Re: YAEPT alert! [Re: Not phonetic but ___???]
From: | Mark J. Reed <markjreed@...> |
Date: | Sunday, April 18, 2004, 16:21 |
On Sun, Apr 18, 2004 at 05:49:01AM -0700, Philippe Caquant wrote:
> I used to pronounce "blood" like
> it was "bleude" in French (like in "oeuf")
Which sounds reasonable to me.
> (while "floor" I pronounce rather like French "Nord"),
Yup.
> Aaargh ! I have not the faintest idea what "kjr\=" could mean.
You really should consult one of the websites that let you hear the
sounds represented by the IPA symbols (which of course map directly to
X-SAMPA/CXS). The symbol [r\] represents the usual American English "r"

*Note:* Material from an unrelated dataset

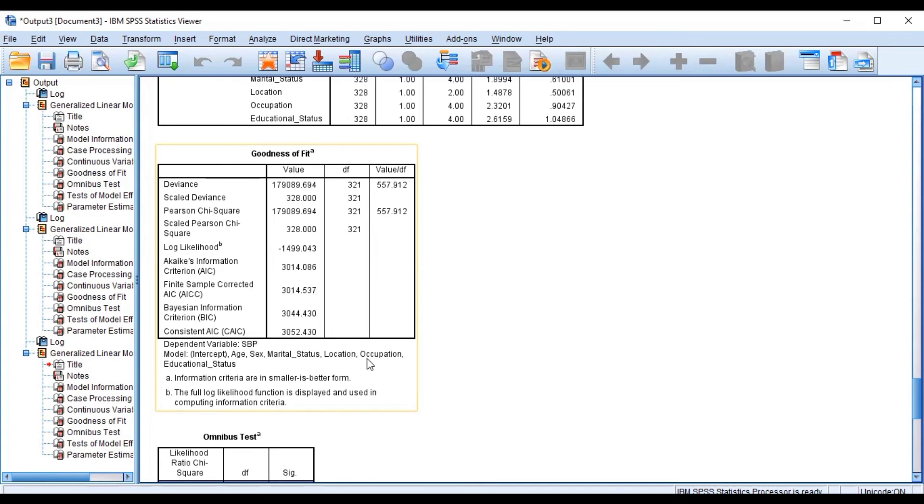these are the values. So this is how you can use the SPSS platform to run the AIC and BIC. If you find this content useful, we encourage you to subscribe if you are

sound, which is an approximant (have you ever heard G. W. Bush say
"Iraq"?). Like any approximant, it has a corresponding vowel that is
effectively a drawn-out version of the same sound, but since it has no
place on the official IPA vowel chart, we call it a "vocalic" or
"vowel-like" sound instead. The vowel that goes with [j] is [i]; the
vowel that goes with [w] is [u]; but since the vocalic that goes with [r\]
doesn't have a separate symbol, we write it [r\=], where the = is the
"syllabic" diacritic.
The combination /@r\/ is realized as [r\=] in many dialects, and in many
of those dialects the distinction between /@r\/ and /Ur\/ has been
neutralized, so that /Ur\/ is also [r\=]. Both of those conditions hold
for my dialect, so that for me, all of these words/syllables rhyme:
"brr" = "burr", "cure", "deter", "exposure", "fur", "grrr", "her",
"jure" = "Ger-" in "German", "kosher", "labor", "mer-" in "mermaid",
"nur-" in "nurse", "per" = "purr", "quiver", "recur", "sir", "ter-" in
"terminal", "utter", "valor", "were", "youngster", and "zither".